Our implementation uses soundfile and sounddevice, which are libraries built to manipulate audio files. Their functionalities for interacting with the sound card and getting processed data is through PortAudio, an abstraction layer atop of ALSA. These can be set up on a fresh Jetson using sudo apt-get install libportaudio2 and pip install soundfile sounddevice. ALSA is built into the kernel on the Jetson and does not need to be installed.

PortAudio lives here github (opens in a new tab). ALSA lives here github (opens in a new tab).

Other Terms

  • Sampling Rate = how many times per second information is captured. 44.1 khz is common for audio, 48 khz for video, and higher specification audio have higher sampling rates such as 96 khz.
  • Multiplexing = the process of interleaving multiple signals (eg. Spotify and Youtube) into a single signal at the same time. May require resampling if sampling rates are different.

Set up

Flash the jetson with Nvidia default image https://docs.nvidia.com/sdk-manager/download-run-sdkm/index.html (opens in a new tab)

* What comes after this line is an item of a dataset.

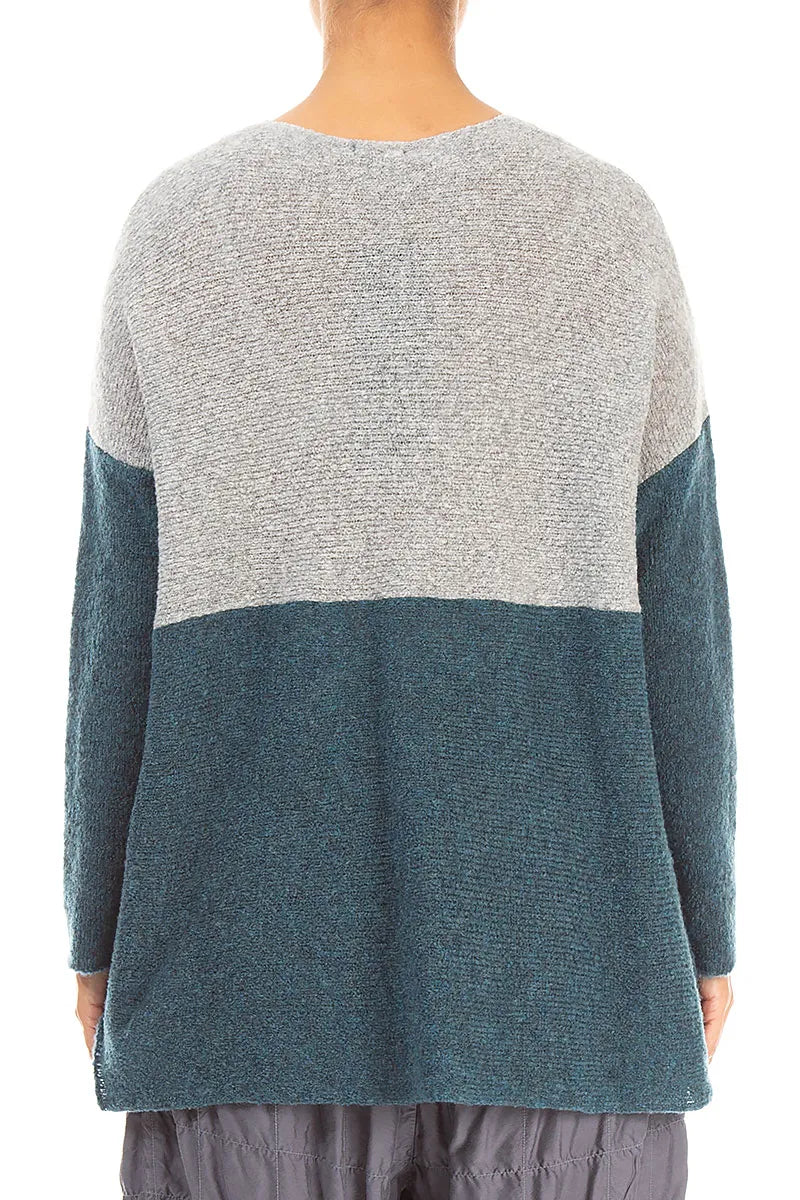 Dual Light Grey &amp; Teal Wool Sweater 2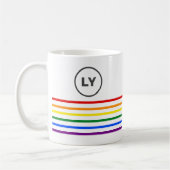Benutzerdefinierte Initial-LGBT-Pride-Streifen Kaffeetasse (Links)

  1. Download Jetson SDK manager, must be Ubuntu 20.0 system
  2. For Orin, flash by shorting GND and FC REC, while plugged in power jack and connect to type C. For AGX just connect to USB C (must be the one next to the pins)
  3. Jetpack 6.0. Follow the steps. On step 2, check everything
  4. The downloading and installation can take ~1 hour.

(download miniconda)

wget https://repo.anaconda.com/miniconda/Miniconda3-latest-Linux-aarch64.sh
chmod +x [Miniconda3-latest-Linux-aarch64.sh](http://miniconda3-latest-linux-aarch64.sh/)
./Miniconda3-latest-Linux-aarch64.sh
source ~/.bashrc

(download your code using soundfile, sounddevice)

git clone https://github.com/kscalelabs/functions.git
git branch -r
git checkout -b audio

download dependencies

conda create —name func_conda python=3.8.19
conda activate func_conda
pip install numpy sounddevice soundfile
sudo apt-get install libportaudio2

then run! Note that the automatic sd.default.device is the right one. Comment out that line when running, unless running into issues.